**Requirement:** Once the line holding "Jaguar XE XE" appears, repeat it and each line after it to the end of the data, exactly and with nothing else; pictures stay out.

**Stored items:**

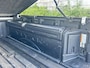 Nissan Titan XD 5.0 V8 Cummins TD Platinum Reserve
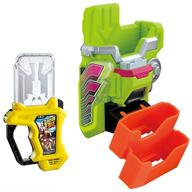 エグゼイド おもちゃ みんな探してる人気モノ エグゼイド おもちゃ エグゼイド おもちゃ みんな探してる人気モノ エグゼイド おもちゃ
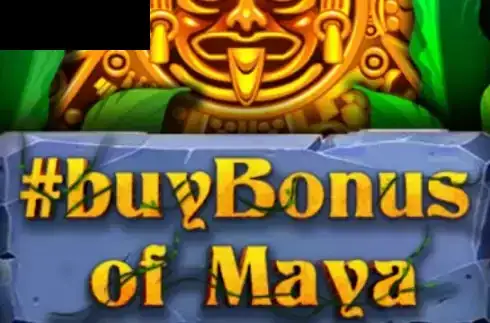 Buy Bonus of Maya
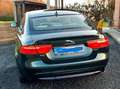Jaguar XE XE 20t Portfolio Groen - thumbnail 4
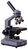 Levenhuk 320 BASE 1000x Optikai mikroszkóp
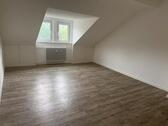 Foto - Etagenwohnung in Siegen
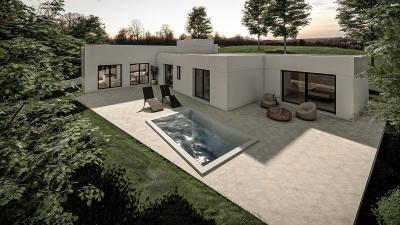 Haus zum verkauf in San Roque Pueblo - R5195026 Haus zum verkauf in San Roque Pueblo - R5195026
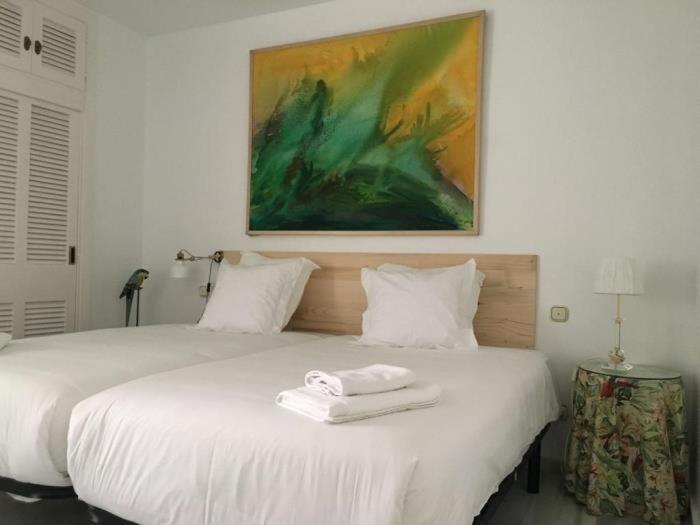 Apartamento En Primera Linea De Mar Almuñécar Zewnętrze zdjęcie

**Answer to the problem:**
Jaguar XE XE 20t Portfolio Groen - thumbnail 4
 Levenhuk 320 BASE 1000x Optikai mikroszkóp
 Foto - Etagenwohnung in Siegen
 Haus zum verkauf in San Roque Pueblo - R5195026 Haus zum verkauf in San Roque Pueblo - R5195026
 Apartamento En Primera Linea De Mar Almuñécar Zewnętrze zdjęcie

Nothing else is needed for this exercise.